Rival political camps jostled for position Tuesday, hoping to form a government after Thailand's first election since a coup -- a vote clouded by allegations of a bungled counting process and chicanery under junta-written rules.
The junta is in pole position to return to power as a civilian administration after preliminary results from Sunday's poll showed its proxy party had secured an unexpected majority of the popular vote.
Around 7.6 million votes went to Phalang Pracharat with 94 percent of ballots tallied, the Election Commission has said.
That gives it -- and its prime ministerial candidate, junta chief Prayut Chan-O-Cha -- a strong claim to legitimacy from a poll held under new junta-scripted rules.
It is more than 400,000 ballots ahead of Pheu Thai, the populist party toppled from power by the 2014 coup and affiliated with self-exiled former premier Thaksin Shinawatra.
But Pheu Thai still appeared set to become the largest party in the lower house, on track for 137 constituency seats compared to Phalang Pracharat's 97, according to early figures.
Experts predict days, perhaps weeks, of messy negotiations, with both parties claiming the right to form a government and confused voters wondering who will come out on top.
Disqualifications of candidates and disputes over poll irregularities are likely to reshape the balance of the lower house before May 9, when final results are to be published.
As the horsetrading plays out, questions are also swirling over election irregularities, with millions of invalidated ballots, dodgy oversight of polling and bungling by election authorities that may have wildly skewed initial numbers.
The Election Commission is also releasing the results in a staggered fashion, claiming "human error" when reporters pointed out that a handful of provinces returned more ballots than the voter turnout.
Regional election monitor ANFREL announced Tuesday in a statement the initial ballot tabulation process was "deeply flawed", which did "further damage to the perceived integrity" and trust in results.
More than 2.8 million ballots were invalidated -- six percent of the votes -- a statistic ANFREL secretary-general Rohana Hettiarachchie called "high" compared to a usual average of is two to three percent.
Prayut, a stern army chief who engaged in increasingly bizarre publicity stunts ahead of polls as part of an image-makeover, declined to comment on the election but was in playful form as he arrived for a cabinet meeting on Tuesday.
"They say if we throw the hopes and dreams in the air, it's like releasing a kite to the sky," he said cryptically in front of a group of music students who handed him a flute to play.
"If you want something, you need to do it yourself," he added, in front of the assembled reporters, before walking into Government House playing the instrument.
The serious business of forming a government still lies ahead.
Pheu Thai on Monday said as the majority party in the lower house it is entitled to try to put together an anti-junta coalition.
That would lean on the Future Forward party, which took over five million votes, emerging from nowhere to become the third biggest party in Thai politics.
The party was given impetus by the millennial vote who support its radical agenda of economic and military reform.
"We are willing to form a coalition with the party that got the most seats," its telegenic figurehead Thanathorn Juangroongruangkit told reporters late Monday as the horse-trading began.
Another smaller party, Bhumjaithai, the vehicle of a cabal of savvy billionaires whose allegiance shifts with the political winds, is likely to be crucial in swinging a lower house majority towards or against the junta party.

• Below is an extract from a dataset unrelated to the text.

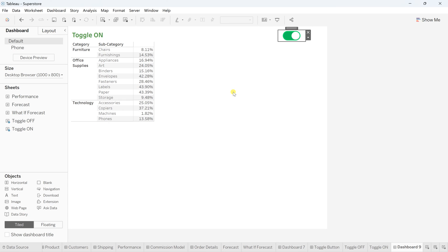There are many methods for creating a toggle button — using parameters as well — but I wanted to show the simplest approach in just a few clicks. I'll cover other methods in upcoming videos. I'd love to hear what scenarios you're using this toggle button for — feel free to email me. I hope you liked this video. If you did, please like, share, and subscribe for more such videos. Thanks for watching — see you in the next one!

It has proposed Anutin Charnivirakul, 52, for prime minister and trailed promises of boosting rural incomes across the northeast by allowing medicinal cannabis to be grown.
Seen as a rare compromise figure across a political landscape bisected by personal hatreds, he was once a senior official in a Shinawatra party.
Thaksin sits at the heart of Thailand's political rupture.
His parties had won all elections since 2001 with votes from poor, in the process unsettling the Bangkok-centric elite and their royalist army allies who have struck back with coups and court cases.
On Monday he told AFP in Hong Kong he believed the polls were "rigged" and riddled with "irregularities."